Collection entries:
....

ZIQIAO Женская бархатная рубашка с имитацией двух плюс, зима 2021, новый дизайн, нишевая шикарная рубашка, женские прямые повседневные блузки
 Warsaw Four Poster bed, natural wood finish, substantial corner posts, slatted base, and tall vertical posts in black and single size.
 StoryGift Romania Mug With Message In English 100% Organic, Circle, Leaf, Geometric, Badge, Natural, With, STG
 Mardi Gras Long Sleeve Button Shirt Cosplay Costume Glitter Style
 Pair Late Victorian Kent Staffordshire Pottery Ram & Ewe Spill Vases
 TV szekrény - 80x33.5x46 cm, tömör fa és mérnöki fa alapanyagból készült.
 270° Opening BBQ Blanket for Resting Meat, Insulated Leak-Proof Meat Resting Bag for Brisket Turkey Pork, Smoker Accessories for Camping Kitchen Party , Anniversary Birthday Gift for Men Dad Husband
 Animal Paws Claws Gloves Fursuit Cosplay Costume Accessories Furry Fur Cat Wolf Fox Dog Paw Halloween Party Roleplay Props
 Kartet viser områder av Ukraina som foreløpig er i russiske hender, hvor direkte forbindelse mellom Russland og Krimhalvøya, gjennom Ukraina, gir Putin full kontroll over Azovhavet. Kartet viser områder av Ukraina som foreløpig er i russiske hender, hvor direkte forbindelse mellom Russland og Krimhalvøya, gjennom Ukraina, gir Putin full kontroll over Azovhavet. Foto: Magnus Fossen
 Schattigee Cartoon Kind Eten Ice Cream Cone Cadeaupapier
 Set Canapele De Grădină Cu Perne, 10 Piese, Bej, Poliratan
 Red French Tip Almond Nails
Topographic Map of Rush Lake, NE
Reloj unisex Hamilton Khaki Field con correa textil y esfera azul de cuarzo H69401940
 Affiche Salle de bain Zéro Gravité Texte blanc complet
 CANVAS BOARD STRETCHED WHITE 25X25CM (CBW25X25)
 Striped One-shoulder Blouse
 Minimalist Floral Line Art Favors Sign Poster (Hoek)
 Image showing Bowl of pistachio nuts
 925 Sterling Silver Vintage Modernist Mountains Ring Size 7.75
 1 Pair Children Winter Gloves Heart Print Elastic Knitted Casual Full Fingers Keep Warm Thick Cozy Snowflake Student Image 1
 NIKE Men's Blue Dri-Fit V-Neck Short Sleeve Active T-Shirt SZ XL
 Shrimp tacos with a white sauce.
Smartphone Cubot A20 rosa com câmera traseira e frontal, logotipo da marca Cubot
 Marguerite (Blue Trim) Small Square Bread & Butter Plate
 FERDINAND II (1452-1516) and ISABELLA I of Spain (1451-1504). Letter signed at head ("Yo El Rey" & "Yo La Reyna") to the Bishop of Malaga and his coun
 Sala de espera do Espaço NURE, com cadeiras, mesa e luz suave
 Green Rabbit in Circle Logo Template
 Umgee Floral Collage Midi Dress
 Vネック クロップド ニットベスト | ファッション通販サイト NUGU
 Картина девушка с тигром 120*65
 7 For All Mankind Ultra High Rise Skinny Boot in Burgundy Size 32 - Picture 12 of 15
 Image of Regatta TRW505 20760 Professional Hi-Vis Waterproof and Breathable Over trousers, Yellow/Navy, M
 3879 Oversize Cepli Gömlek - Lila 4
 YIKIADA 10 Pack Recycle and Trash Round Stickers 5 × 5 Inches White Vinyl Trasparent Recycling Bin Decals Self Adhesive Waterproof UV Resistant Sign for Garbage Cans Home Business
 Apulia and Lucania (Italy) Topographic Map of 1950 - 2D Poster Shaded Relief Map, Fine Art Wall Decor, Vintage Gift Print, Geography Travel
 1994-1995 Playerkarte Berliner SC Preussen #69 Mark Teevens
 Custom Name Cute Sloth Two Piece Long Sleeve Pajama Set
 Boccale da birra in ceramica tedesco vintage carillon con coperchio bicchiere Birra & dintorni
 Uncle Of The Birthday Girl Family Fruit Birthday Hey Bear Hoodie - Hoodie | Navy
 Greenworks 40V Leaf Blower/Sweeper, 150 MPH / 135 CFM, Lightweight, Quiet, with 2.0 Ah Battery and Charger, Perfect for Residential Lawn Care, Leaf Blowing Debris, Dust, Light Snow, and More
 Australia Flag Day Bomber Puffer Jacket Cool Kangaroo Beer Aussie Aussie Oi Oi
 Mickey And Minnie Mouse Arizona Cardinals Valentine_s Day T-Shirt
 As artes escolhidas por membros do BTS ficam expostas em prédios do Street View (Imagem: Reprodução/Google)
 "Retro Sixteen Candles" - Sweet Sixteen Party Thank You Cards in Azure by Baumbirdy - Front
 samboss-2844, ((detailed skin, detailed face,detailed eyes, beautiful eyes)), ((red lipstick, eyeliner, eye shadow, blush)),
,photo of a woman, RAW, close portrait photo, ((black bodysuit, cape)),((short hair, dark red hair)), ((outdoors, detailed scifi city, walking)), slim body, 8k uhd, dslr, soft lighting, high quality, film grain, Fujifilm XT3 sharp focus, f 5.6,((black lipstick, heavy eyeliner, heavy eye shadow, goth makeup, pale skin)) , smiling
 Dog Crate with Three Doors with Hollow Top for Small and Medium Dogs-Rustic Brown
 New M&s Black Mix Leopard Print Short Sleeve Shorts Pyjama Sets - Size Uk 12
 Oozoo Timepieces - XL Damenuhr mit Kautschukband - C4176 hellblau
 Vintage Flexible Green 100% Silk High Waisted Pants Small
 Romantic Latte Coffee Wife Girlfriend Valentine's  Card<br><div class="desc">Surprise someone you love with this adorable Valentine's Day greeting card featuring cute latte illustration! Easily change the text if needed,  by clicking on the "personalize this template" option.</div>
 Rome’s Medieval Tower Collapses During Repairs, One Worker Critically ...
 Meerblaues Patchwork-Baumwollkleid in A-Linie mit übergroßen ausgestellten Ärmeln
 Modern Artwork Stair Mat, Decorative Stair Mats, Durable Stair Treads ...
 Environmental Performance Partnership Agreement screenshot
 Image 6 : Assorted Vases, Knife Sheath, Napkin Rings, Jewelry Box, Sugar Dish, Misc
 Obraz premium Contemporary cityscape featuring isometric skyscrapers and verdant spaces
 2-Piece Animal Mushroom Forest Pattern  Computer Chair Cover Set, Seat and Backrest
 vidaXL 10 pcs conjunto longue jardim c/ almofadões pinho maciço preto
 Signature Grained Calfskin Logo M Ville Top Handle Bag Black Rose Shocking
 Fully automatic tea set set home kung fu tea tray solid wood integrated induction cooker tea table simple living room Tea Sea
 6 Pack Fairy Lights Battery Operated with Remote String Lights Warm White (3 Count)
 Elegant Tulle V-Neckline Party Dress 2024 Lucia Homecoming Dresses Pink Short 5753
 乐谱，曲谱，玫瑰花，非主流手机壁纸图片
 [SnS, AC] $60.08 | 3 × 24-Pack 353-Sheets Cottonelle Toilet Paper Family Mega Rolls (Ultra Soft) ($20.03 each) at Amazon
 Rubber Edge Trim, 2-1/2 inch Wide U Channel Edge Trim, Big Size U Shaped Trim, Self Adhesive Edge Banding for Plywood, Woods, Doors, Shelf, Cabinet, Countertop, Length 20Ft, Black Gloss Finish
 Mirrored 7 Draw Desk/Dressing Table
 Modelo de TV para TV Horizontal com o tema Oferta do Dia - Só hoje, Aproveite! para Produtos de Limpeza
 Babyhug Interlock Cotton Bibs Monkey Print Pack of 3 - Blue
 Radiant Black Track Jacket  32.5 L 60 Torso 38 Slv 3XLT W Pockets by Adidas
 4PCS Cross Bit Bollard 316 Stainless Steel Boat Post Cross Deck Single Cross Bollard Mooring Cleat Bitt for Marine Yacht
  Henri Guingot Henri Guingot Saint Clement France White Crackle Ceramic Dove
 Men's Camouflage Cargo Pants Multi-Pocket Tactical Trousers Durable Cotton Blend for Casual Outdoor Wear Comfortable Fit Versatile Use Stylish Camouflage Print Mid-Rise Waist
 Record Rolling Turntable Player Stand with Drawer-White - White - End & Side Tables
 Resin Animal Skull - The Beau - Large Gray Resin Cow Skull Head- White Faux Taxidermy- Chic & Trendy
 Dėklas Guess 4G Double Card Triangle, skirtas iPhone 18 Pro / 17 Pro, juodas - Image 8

....

▶ _WHAT THE TASK ASKS_
From the line holding "Australia Flag Day" to the line holding "samboss-2844, ((detailed skin, detailed", inclusive, restate each line above exactly as written.

▶ _EXERCISE SOLUTION_
 Australia Flag Day Bomber Puffer Jacket Cool Kangaroo Beer Aussie Aussie Oi Oi
 Mickey And Minnie Mouse Arizona Cardinals Valentine_s Day T-Shirt
 As artes escolhidas por membros do BTS ficam expostas em prédios do Street View (Imagem: Reprodução/Google)
 "Retro Sixteen Candles" - Sweet Sixteen Party Thank You Cards in Azure by Baumbirdy - Front
 samboss-2844, ((detailed skin, detailed face,detailed eyes, beautiful eyes)), ((red lipstick, eyeliner, eye shadow, blush)),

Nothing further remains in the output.